> **RECORDS TO USE**:

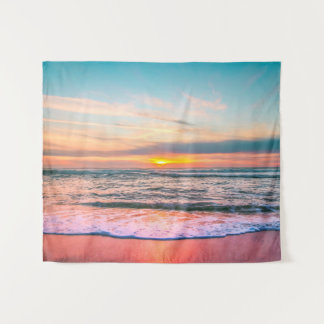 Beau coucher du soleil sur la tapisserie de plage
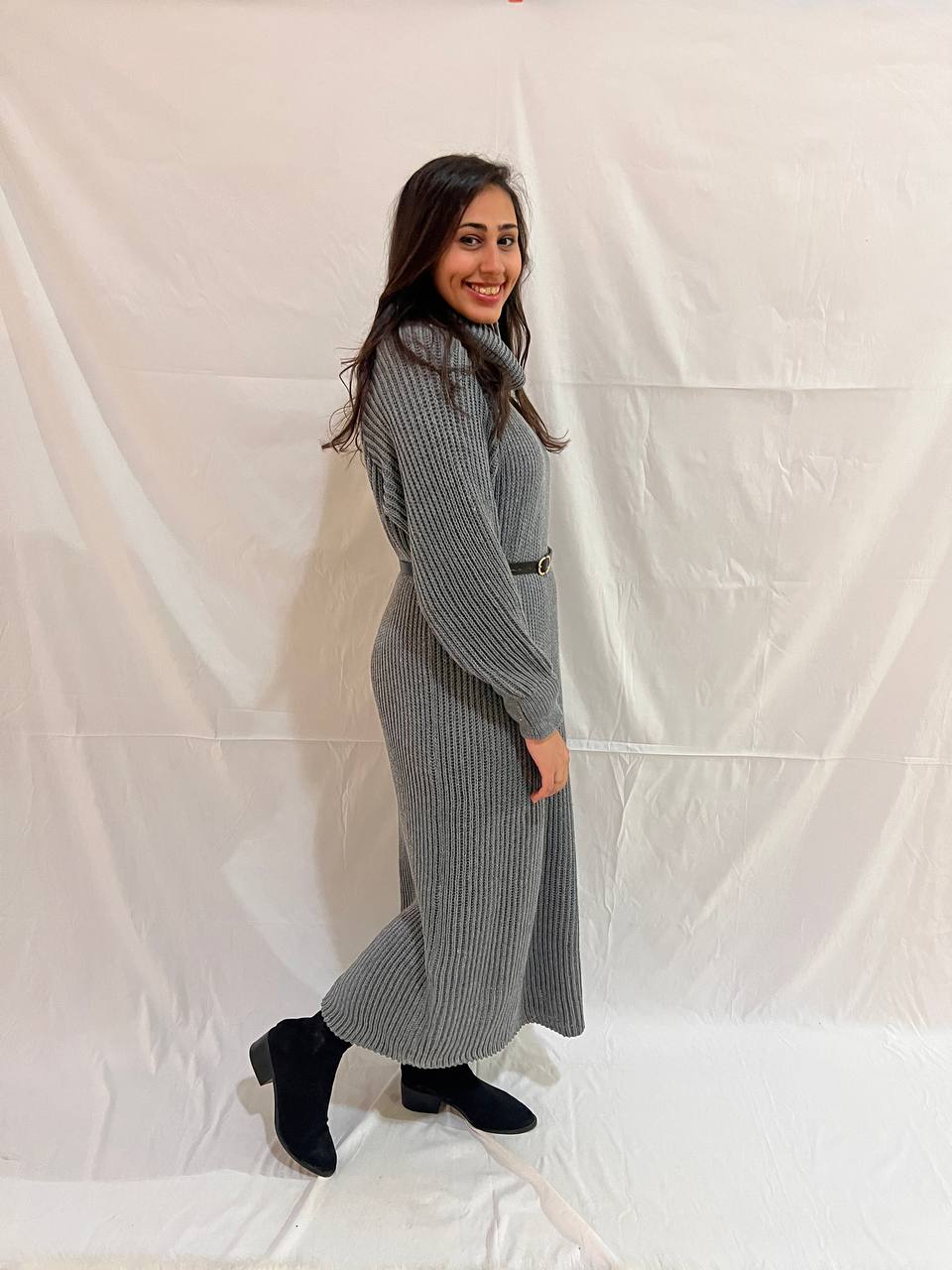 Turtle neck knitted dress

---

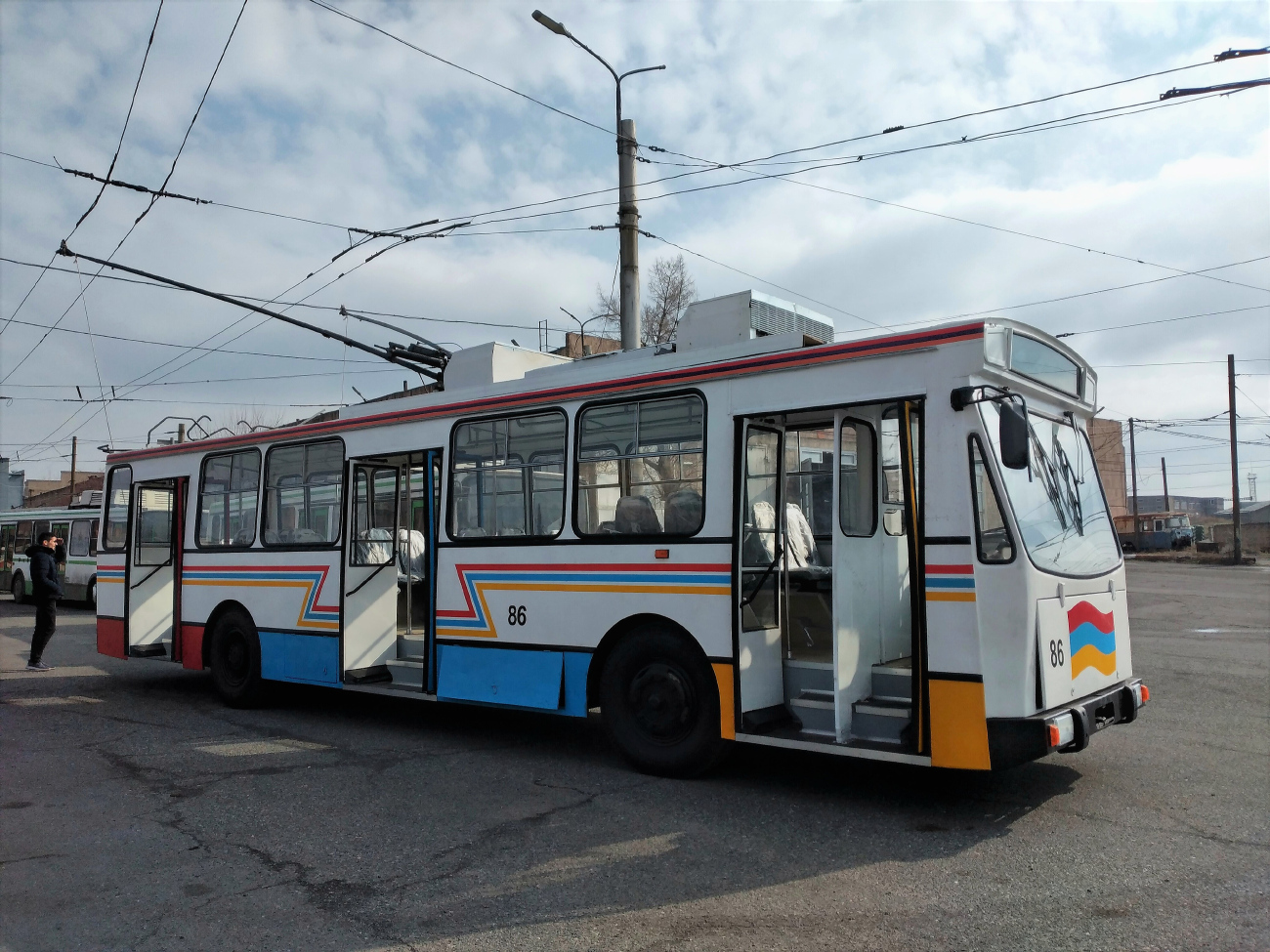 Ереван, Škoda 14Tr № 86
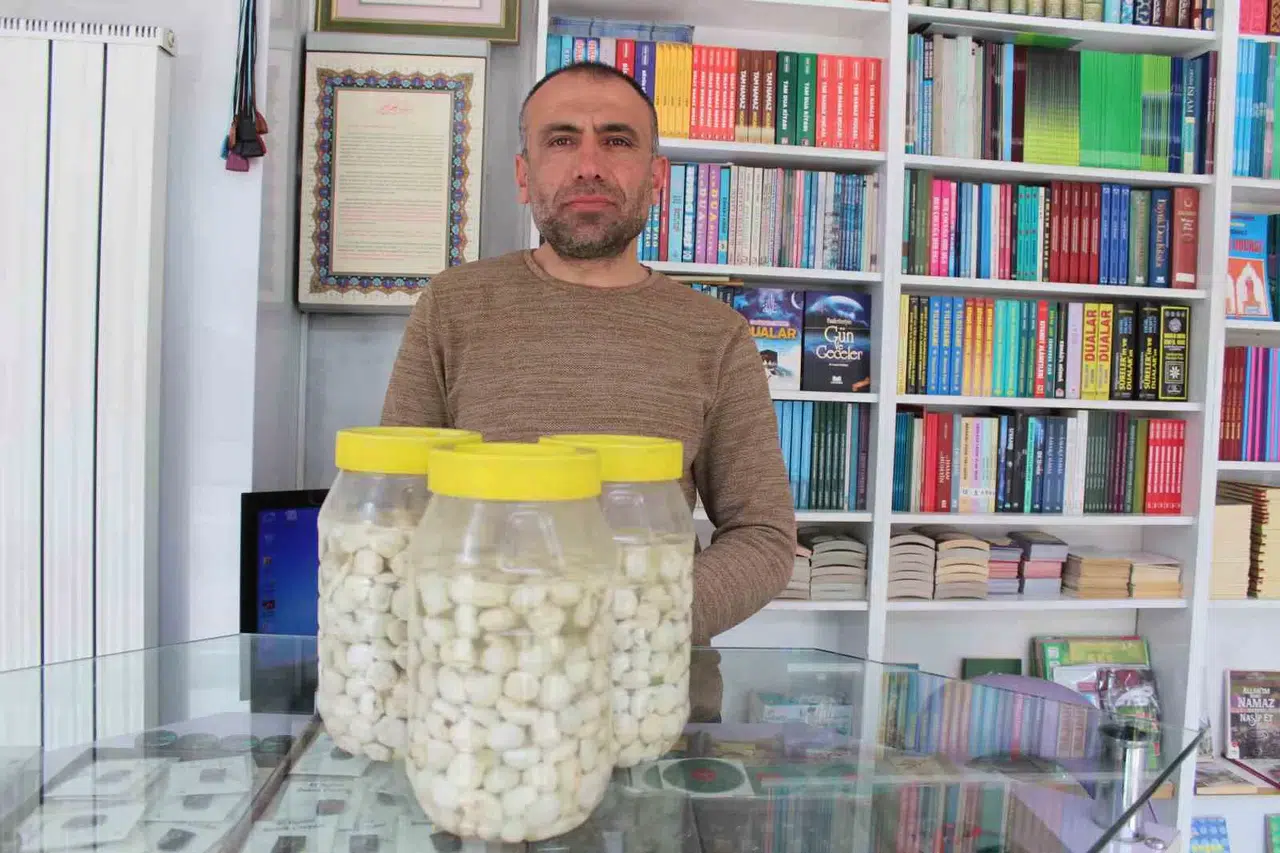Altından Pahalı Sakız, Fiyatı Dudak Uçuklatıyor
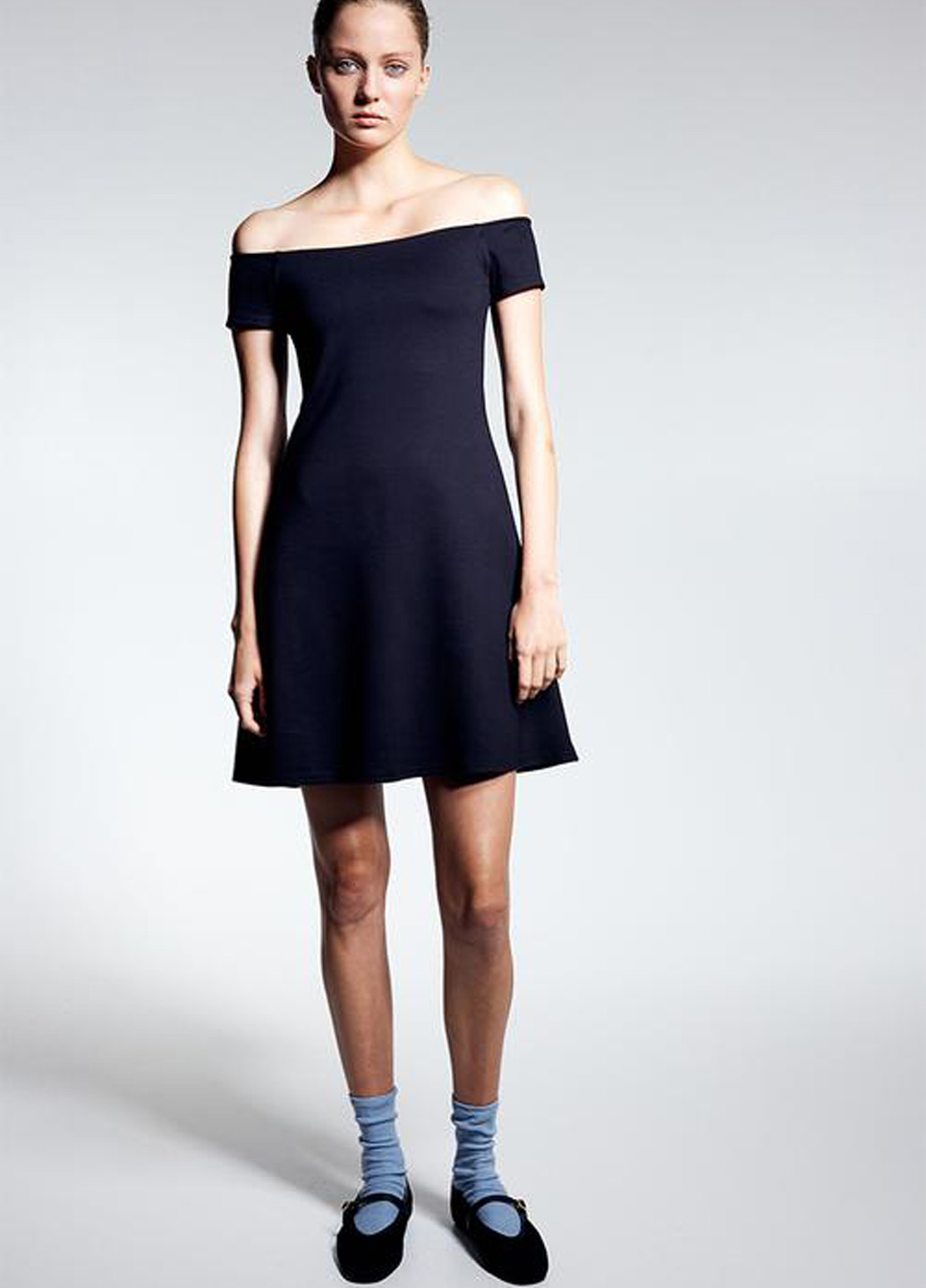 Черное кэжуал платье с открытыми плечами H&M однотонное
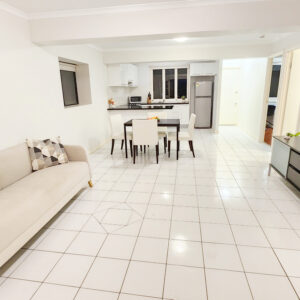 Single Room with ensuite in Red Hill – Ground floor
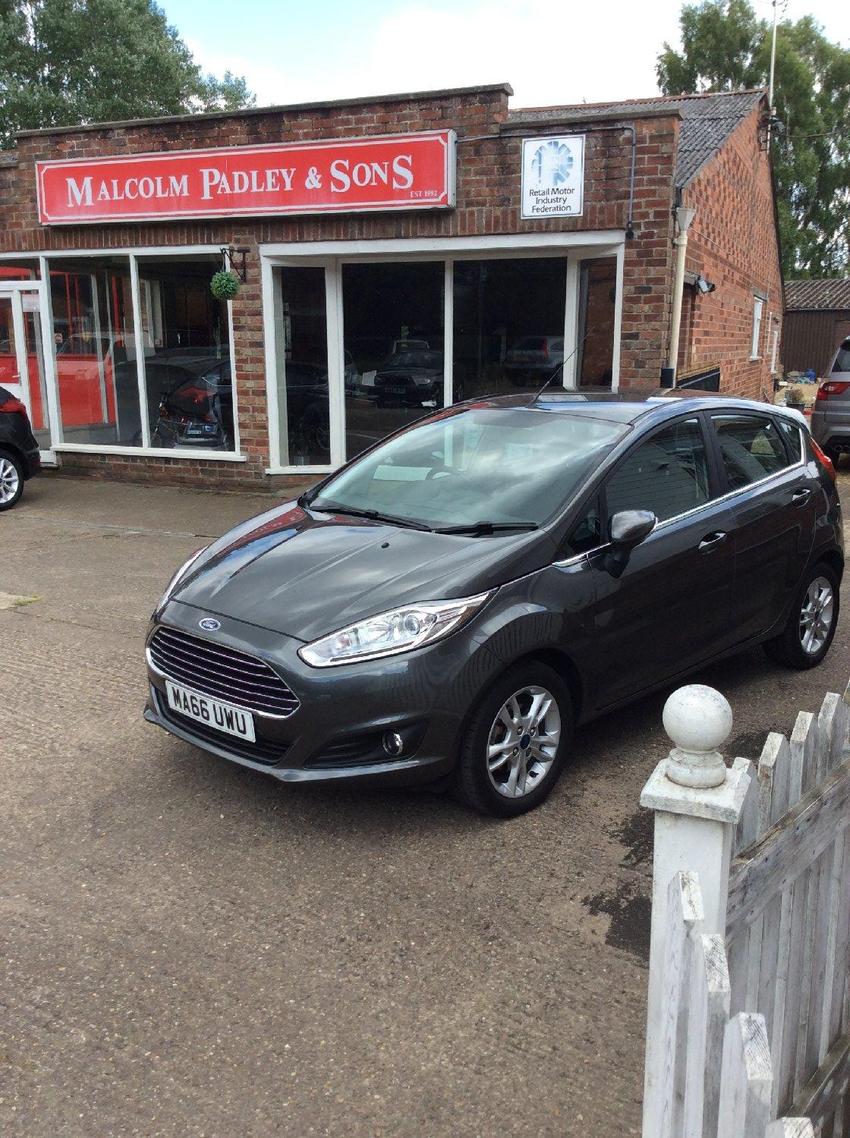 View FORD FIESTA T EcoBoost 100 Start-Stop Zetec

---

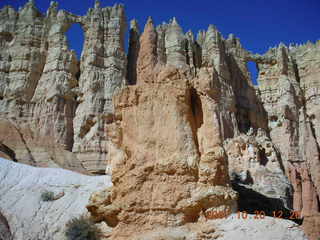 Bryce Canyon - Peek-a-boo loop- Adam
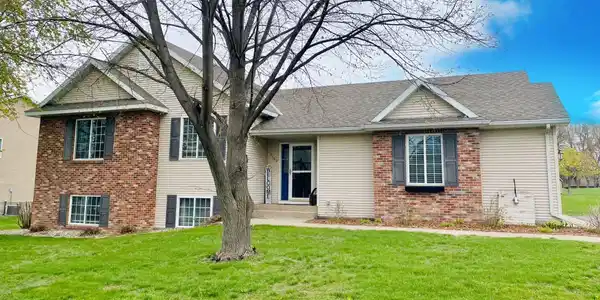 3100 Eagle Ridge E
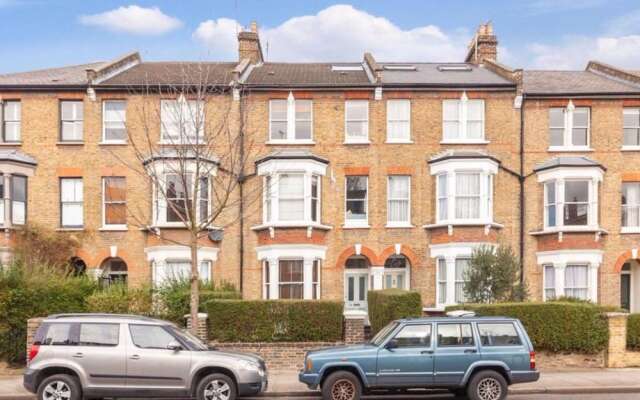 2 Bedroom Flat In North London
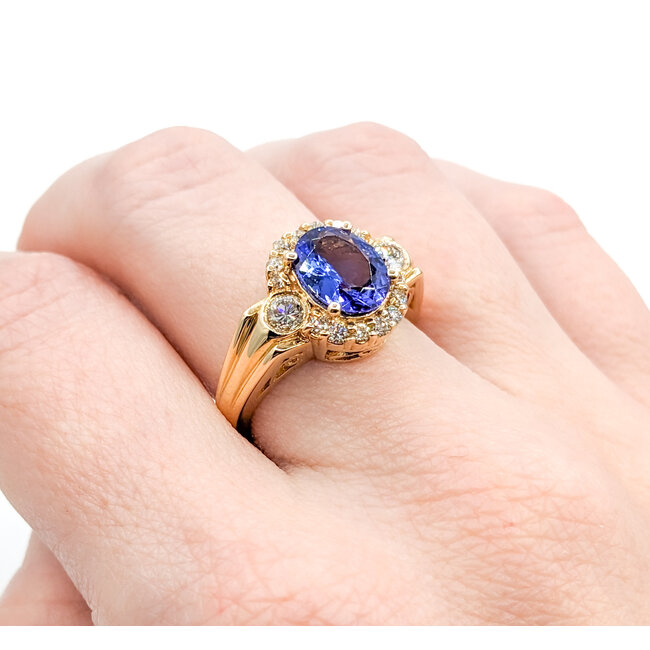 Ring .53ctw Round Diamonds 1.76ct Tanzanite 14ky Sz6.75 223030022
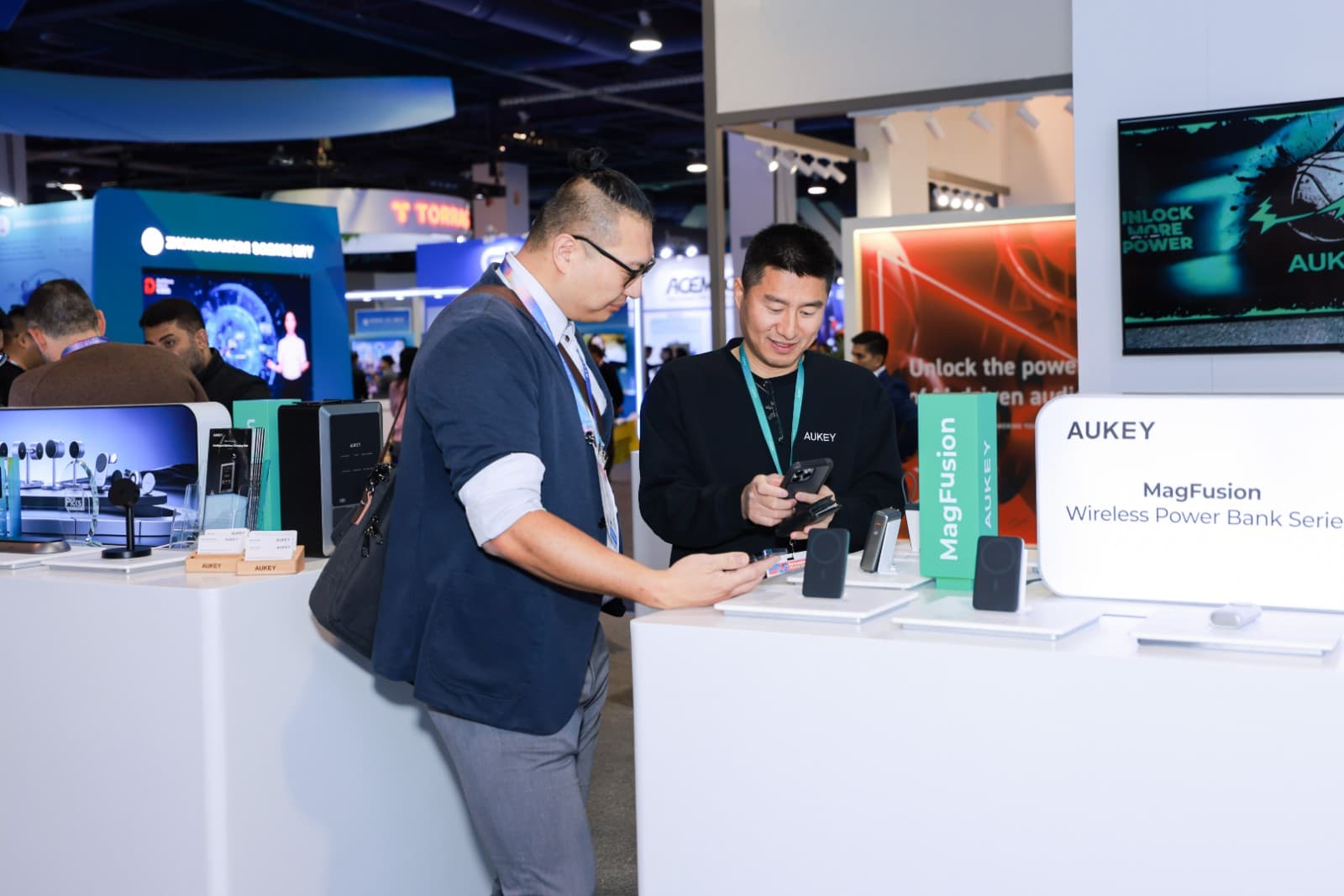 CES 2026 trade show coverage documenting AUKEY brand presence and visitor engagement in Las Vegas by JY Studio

> **EXERCISE PROMPT**:
Taking the material above, give again exactly the lines from the one holding "Beau coucher du" through the one holding "Turtle neck knitted dress", with both ends and without pictures.

> **TASK RESPONSE**:
 Beau coucher du soleil sur la tapisserie de plage
 Turtle neck knitted dress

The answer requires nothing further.